Amiamo senza condizioni, perdoniamo, comprendiamo, aspettiamo, diamo opportunità. Ma quando si tratta di noi, ci parliamo con durezza.
Ci diciamo cose che non diremmo mai a qualcuno che amiamo.
«Sono un disastro».
«Rovino sempre tutto».
«Non sono abbastanza».
«Nessuno mi vorrà così».
Questo dialogo interno conta. Non perché tu debba pensare positivo tutto il tempo, ma perché la tua mente diventa il posto in cui vivi.
Se il tuo mondo interiore è un luogo di punizione costante, ti costerà sentirti a casa con te stesso.
La buona notizia è che questo dialogo può trasformarsi.
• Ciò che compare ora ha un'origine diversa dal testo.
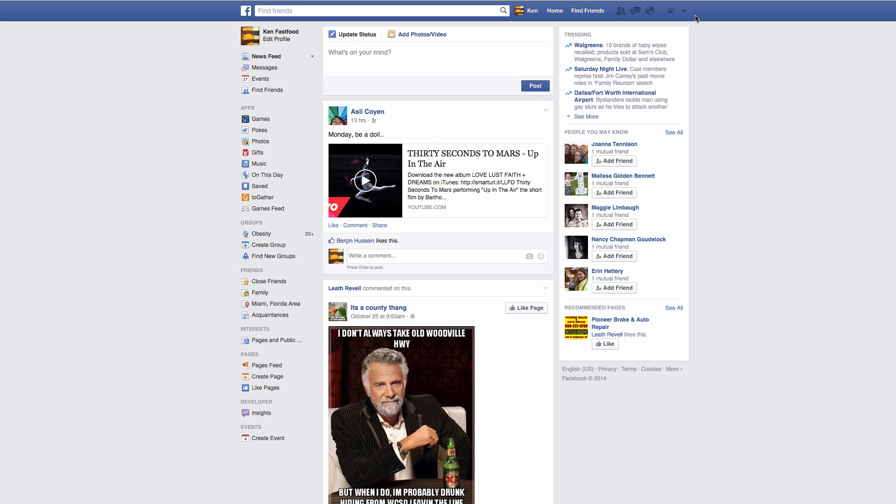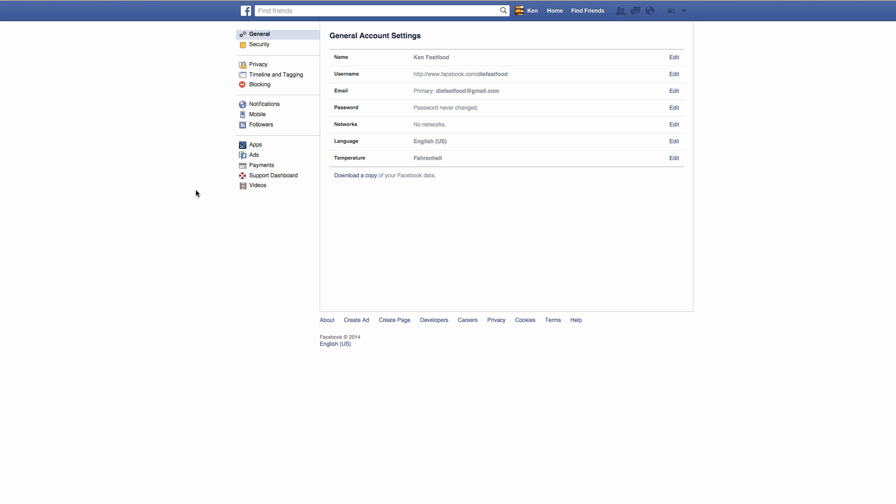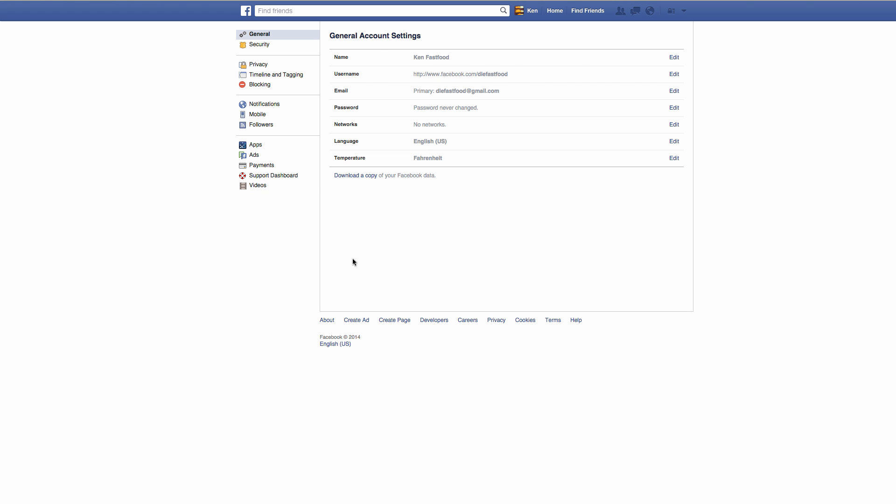You're going to see this little triangle drop-down box right here and go to your settings. Once you're in your settings, there's this left navigation right here and click on videos.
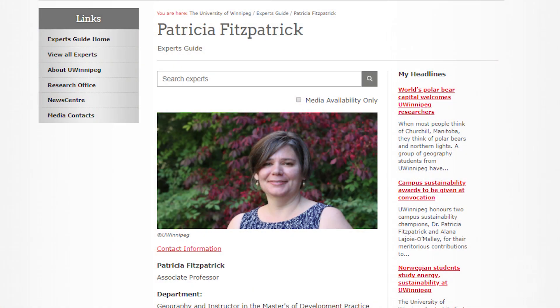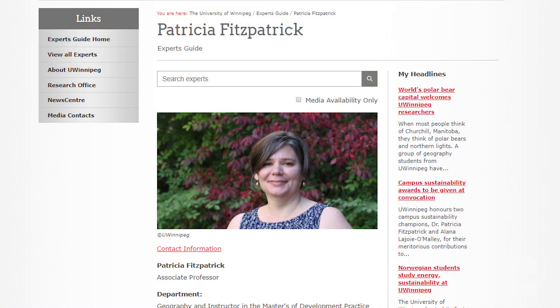Thank you so much, Trish. For those who are watching, if you want to know more about Trish's work and her publications, you should check her profiles on ResearchGate and Google Scholar. I hope to see you again in the next interview.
Non da un giorno all’altro. Ma con la pratica, sì.
Quando noti una frase crudele, prova a sostituirla con una frase più giusta:
- Invece di «sono un disastro», prova «sto imparando a gestire questa cosa».
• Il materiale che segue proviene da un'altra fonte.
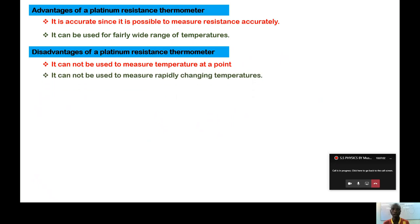Another disadvantage is that it cannot be used to measure rapidly changing temperatures. Unlike a clinical thermometer or a thermocouple, it cannot respond quickly. It has to be given time — you place it in a room, allow it to absorb the surrounding temperature, and then take a reading. So you cannot use it to measure temperatures which are changing rapidly.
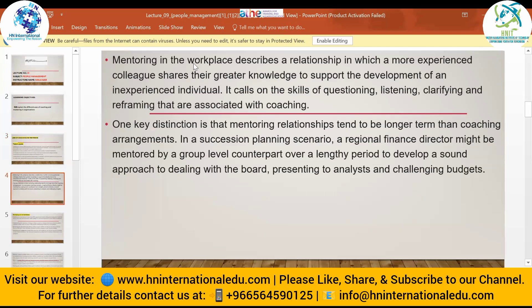Mentoring in the workplace describes a relationship in which more experienced colleagues share their greater knowledge to support the development of an inexperienced individual. It calls on the skills of questioning, listening, clarifying, and reframing that are associated with coaching. In mentoring, you make employees work practically — how to do a specific task — and help them in a practical way.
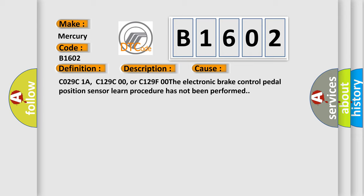C029C1A, C129C00, or C129F00. The electronic brake control pedal position sensor learn procedure has not been performed.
- Invece di «sbaglio sempre», prova «questa volta non è andata come volevo, ma posso provare in un altro modo».
- Invece di «nessuno mi amerà», prova «sto imparando a scegliere me stesso e a creare legami migliori».
Non si tratta di mentirti. Si tratta di parlarti con umanità.
Puoi anche chiederti: «Se il mio migliore amico stesse vivendo questo, cosa gli direi?». Poi prova a dirti qualcosa di simile.
Perché anche tu meriti grazia. Gentilezza. Pazienza. Tenerezza.
Puoi essere il tuo rifugio. Puoi diventare una casa interiore più accogliente.
È tempo di ribaltare la convinzione: non solo gli altri meritano il tuo amore. Anche tu.
Non devi aspettare di sentirti completamente al sicuro per iniziare. A volte l’amore per sé comincia come una decisione timida. Un piccolo gesto. Una promessa semplice.
Oggi puoi scegliere di non abbandonarti.
Oggi puoi scegliere di trattarti con un po’ più di compassione.
Oggi puoi ricordare che il tuo valore non scompare nei tuoi giorni difficili.
E se senti di dover ricominciare, non viverlo come un fallimento. A volte tornare a te è proprio l’inizio più coraggioso. Questo articolo su segnali chiari che hai bisogno di ricominciare nella tua vita può aiutarti a riconoscerlo con più chiarezza.
L’amore per sé non sempre si sente come una grande rivelazione. Molto spesso assomiglia a fare un respiro profondo e dire: «questa volta avrò cura di me un po’ di più».
E questo gesto, anche se può sembrare piccolo, può cambiare tutto.